That's according to the Greenwich Time newspaper, which cites sources as saying the witnesses will support two men who have already said in court that Skakel confessed to them while in a drug rehabilitation center.
Skakel's attorney, Michael Sherman, said he had not been informed about any new witnesses. He said if they testify that they heard Skakel confess, "that doesn't change a thing."
The paper said one of the witnesses is a relative of Skakel's, but did not say how the others are connected to him.
Skakel was 15 when Martha Moxley, also 15, was killed on Oct. 30, 1975. The Skakels lived across the street from the Moxleys in an upscale section of Greenwich. The golf club used in the killing was matched to a set of clubs owned by the Skakel family.

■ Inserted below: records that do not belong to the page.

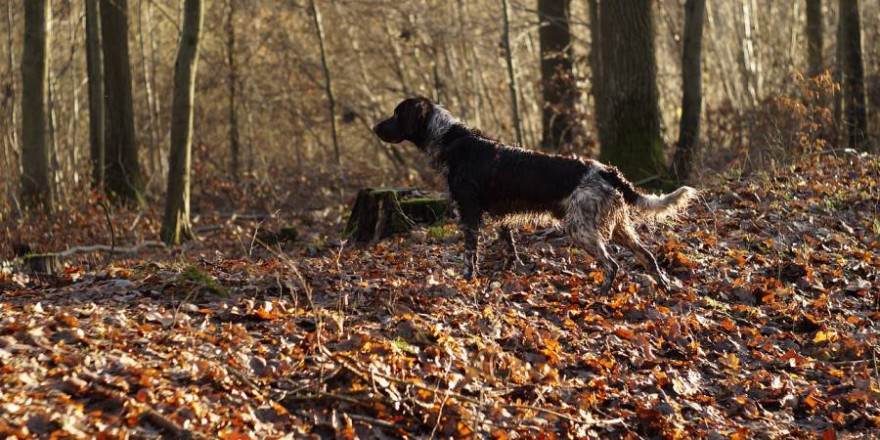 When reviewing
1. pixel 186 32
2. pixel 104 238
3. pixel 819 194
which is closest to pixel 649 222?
pixel 819 194

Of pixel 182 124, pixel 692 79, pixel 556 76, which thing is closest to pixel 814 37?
pixel 556 76

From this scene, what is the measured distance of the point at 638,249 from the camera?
8.45 meters

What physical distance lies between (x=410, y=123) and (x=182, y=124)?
16.2 ft

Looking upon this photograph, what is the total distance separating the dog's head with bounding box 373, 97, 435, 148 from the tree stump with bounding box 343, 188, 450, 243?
137 centimetres

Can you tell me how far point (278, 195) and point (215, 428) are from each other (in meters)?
13.6

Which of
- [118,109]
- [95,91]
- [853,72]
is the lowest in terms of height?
[853,72]

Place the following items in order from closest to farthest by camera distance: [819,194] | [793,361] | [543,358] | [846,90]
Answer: [543,358]
[793,361]
[819,194]
[846,90]

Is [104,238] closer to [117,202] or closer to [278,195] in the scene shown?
[117,202]

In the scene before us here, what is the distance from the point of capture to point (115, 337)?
5723mm

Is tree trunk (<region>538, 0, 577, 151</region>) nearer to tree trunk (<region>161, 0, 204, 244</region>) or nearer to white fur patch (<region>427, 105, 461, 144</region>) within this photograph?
tree trunk (<region>161, 0, 204, 244</region>)

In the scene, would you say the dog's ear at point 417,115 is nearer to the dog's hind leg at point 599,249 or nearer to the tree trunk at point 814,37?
the dog's hind leg at point 599,249

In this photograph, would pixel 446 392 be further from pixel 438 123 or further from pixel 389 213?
pixel 389 213

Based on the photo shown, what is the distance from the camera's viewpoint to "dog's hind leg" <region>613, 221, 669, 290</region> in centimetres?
837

Skakel was charged in the killing in January 2000 and later arraigned as a juvenile. A judge ruled last week that his case should be transferred to adult court, saying Connecticut has no juvenile facility where it could send Skakel, now 40, if he is convicted.

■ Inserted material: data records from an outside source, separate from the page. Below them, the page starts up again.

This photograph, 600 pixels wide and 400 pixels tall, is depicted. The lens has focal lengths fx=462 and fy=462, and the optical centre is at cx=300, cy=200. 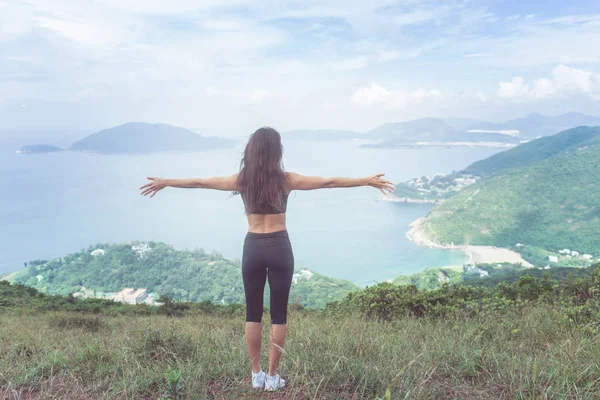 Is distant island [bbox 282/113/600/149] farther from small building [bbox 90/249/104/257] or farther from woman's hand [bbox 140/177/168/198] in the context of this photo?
woman's hand [bbox 140/177/168/198]

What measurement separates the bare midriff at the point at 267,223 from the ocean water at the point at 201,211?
3936 cm

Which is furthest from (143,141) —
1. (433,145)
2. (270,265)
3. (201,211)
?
(270,265)

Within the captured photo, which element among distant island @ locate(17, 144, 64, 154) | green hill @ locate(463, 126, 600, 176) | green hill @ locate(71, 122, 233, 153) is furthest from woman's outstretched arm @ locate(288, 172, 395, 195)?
distant island @ locate(17, 144, 64, 154)

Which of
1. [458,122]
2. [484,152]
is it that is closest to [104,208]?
[484,152]

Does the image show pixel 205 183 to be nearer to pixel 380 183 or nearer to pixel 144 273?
pixel 380 183

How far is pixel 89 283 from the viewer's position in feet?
151

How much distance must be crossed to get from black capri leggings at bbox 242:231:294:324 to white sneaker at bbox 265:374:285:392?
383mm

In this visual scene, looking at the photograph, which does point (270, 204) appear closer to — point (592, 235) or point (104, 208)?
point (592, 235)

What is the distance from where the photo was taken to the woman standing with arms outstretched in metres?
2.82

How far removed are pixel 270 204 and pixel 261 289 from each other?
21.5 inches

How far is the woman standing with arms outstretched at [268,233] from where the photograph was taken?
2.82 m

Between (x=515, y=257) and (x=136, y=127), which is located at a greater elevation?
(x=136, y=127)

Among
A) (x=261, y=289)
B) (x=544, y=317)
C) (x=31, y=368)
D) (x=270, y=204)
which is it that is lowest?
(x=544, y=317)

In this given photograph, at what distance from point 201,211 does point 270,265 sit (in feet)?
372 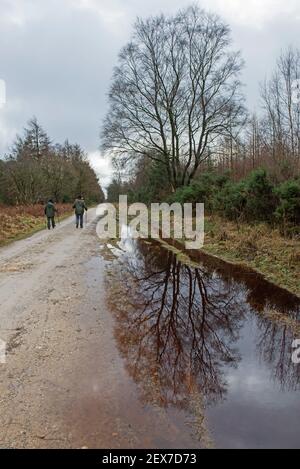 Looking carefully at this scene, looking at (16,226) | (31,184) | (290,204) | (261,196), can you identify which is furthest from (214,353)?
(31,184)

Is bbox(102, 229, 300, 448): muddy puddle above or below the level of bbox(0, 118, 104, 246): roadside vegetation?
below

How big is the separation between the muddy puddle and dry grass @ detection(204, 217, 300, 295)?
619mm

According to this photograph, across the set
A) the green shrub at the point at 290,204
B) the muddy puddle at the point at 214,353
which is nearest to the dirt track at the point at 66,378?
the muddy puddle at the point at 214,353

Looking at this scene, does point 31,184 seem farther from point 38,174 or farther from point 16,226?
point 16,226

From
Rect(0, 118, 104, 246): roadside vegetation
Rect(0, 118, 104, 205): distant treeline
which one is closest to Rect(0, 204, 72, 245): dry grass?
Rect(0, 118, 104, 246): roadside vegetation

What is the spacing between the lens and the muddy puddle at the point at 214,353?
3.78 meters

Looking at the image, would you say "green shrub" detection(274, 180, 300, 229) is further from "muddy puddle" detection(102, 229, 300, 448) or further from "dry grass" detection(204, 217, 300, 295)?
"muddy puddle" detection(102, 229, 300, 448)

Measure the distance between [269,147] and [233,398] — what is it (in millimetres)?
26002

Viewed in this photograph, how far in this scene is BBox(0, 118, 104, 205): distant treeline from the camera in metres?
38.3

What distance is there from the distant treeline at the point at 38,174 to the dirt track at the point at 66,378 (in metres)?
31.3

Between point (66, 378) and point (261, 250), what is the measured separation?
890cm

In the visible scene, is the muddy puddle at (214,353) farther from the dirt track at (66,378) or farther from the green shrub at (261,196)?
the green shrub at (261,196)

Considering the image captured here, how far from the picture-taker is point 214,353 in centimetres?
543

Skakel is a nephew of the late Robert F. Kennedy and his widow, Ethel.
A few facets of the case still favor the defense: The evidence is now more than 25 years old and defense attorneys believe the prosecution will have a tough time convincing a jury that testimony about events so long ago is reliable evidence.

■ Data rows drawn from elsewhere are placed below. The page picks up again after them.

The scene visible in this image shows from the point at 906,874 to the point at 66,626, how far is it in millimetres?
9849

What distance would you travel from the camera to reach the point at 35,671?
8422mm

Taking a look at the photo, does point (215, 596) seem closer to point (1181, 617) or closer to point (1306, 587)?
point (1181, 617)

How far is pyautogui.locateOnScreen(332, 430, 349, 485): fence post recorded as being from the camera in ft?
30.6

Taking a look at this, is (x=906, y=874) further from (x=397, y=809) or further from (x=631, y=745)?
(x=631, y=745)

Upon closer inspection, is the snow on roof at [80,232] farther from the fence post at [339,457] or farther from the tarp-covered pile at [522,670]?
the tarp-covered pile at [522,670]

"We feel we have a good case and we're ready to go with it. We haven't seen any real indication of memories fading," said Frank Garr, an inspector with the Bridgeport State's Attorney's office who has worked on the case for 25 years.
Prosecutors contend that Skakel killed Moxley in a jealous rage after he saw her kissing his brother, Thomas, the night she was killed. Friends told investigators Michael had a crush on Moxley.
No arrests were made in the case for more than 24 years.
During pretrial hearings last year, prosecutors revealed that one of the main reasons that their attention shifted to Michael as a suspect was because two students at a private school for troubled youths said that while they were in rehab with Skakel in the 1970s, he confessed to the Moxley murder.
Skakel's attorney calls the testimony of Skakel's former companions in rehab "unbelievable."